Copy, word for word, the lines below from the one containing "NWT Swim Solutions" up to and including the one containing "Pot d'eau en", with pictures left out.

[Brief descriptive captions]
=== Section Start ===

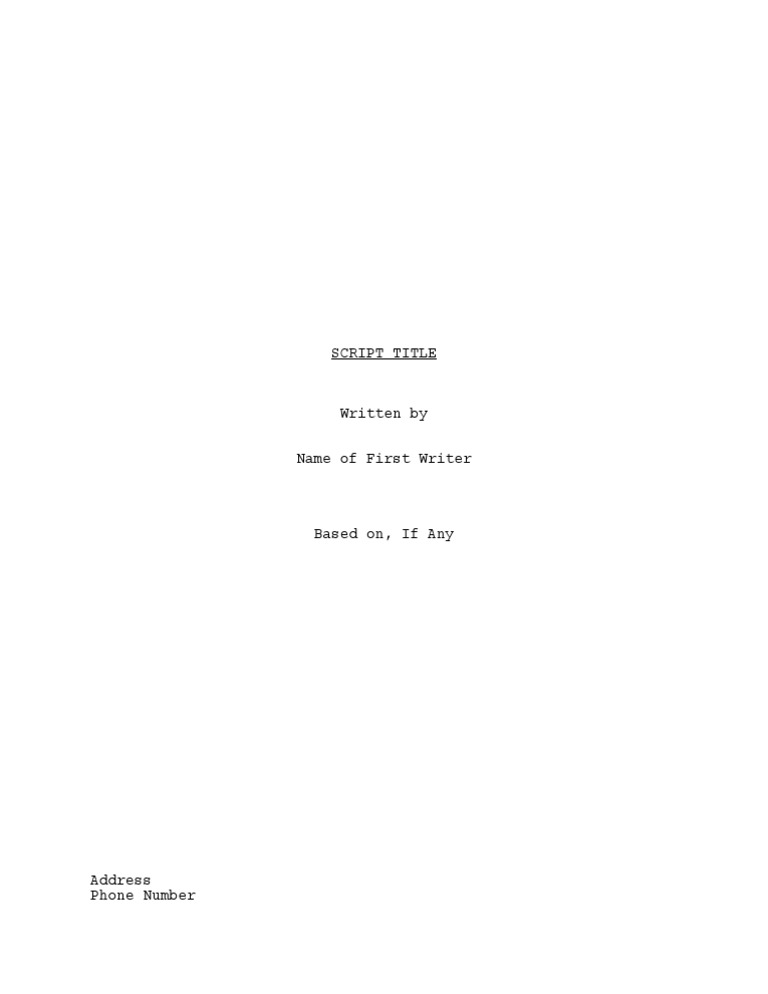 Script Title by First Writer | PDF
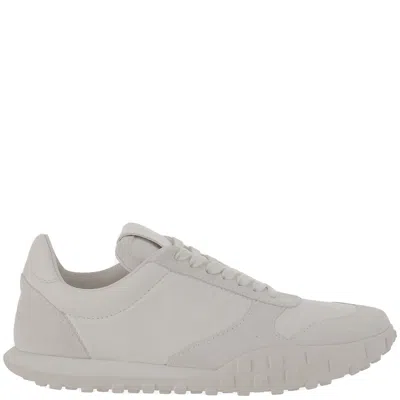 JIL SANDER SATIN-EFFECT NYLON SNEAKERS WITH SUEDE TRIM AND RUBBER SOLE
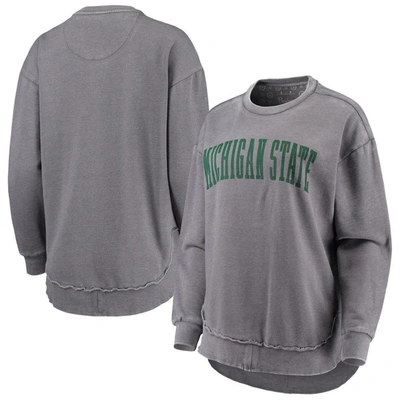 Shop Pressbox Heather Gray Michigan State Spartans Vintage Wash Pullover Sweatshirt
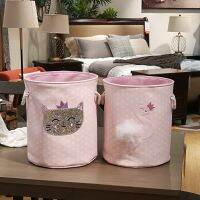 Dirty Laundry Basket Pink Swan Organizer Basket Drawstring Storage Baskets for Toys Books D35XH40cm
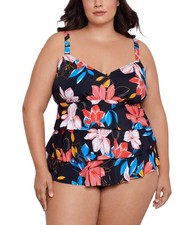 NWT Swim Solutions Plus Size Tiered Floral-Print One Piece, Flo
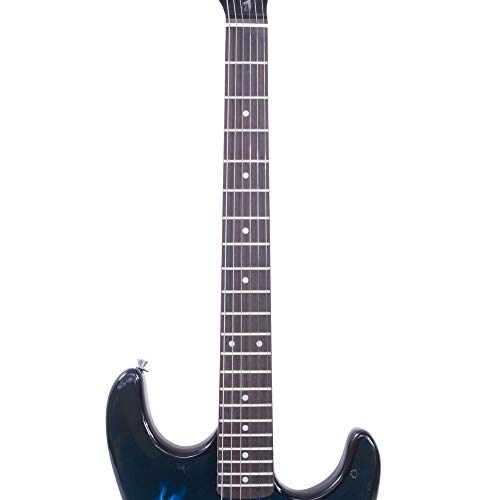 Waful Guitare électrique avec cordon d’alimentation, sangle, sac, médiators Noir/bleu foncé - Les Beatles, Paul McCartney, John Lennon, RIngo Starr, George Harrison Waful Guitare électrique avec cordon d'alimentation, sangle, sac, médiators Noir/bleu foncé – Image 7
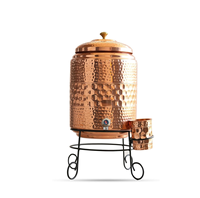 Pot d'eau en cuivre 100% avec support en métal avec distributeur en verre avec support design martelé 5 litres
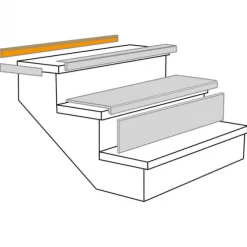 Open trapprofiel - Betonlook Antraciet - 130 x 5,6 cm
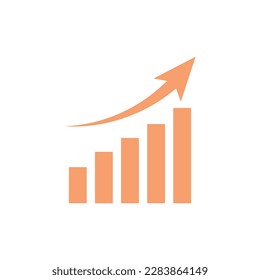 Wachstumsvektorsymbol. Symbol für den Graph der wachsenden Leiste. Erhöhen Sie das Symbol für Geldwachstum. Vektorgrafik einzeln auf weißem Hintergrund.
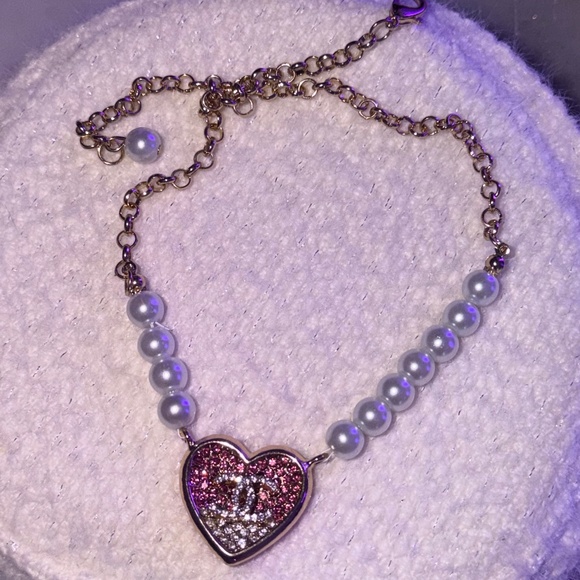 Chanel Pink Gold Metal Rhinestones Heart Choker CC  Pearl and Diamantés - Picture 4 of 5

=== Section End ===

* Exercise solution
 NWT Swim Solutions Plus Size Tiered Floral-Print One Piece, Flo
 Waful Guitare électrique avec cordon d’alimentation, sangle, sac, médiators Noir/bleu foncé - Les Beatles, Paul McCartney, John Lennon, RIngo Starr, George Harrison Waful Guitare électrique avec cordon d'alimentation, sangle, sac, médiators Noir/bleu foncé – Image 7
 Pot d'eau en cuivre 100% avec support en métal avec distributeur en verre avec support design martelé 5 litres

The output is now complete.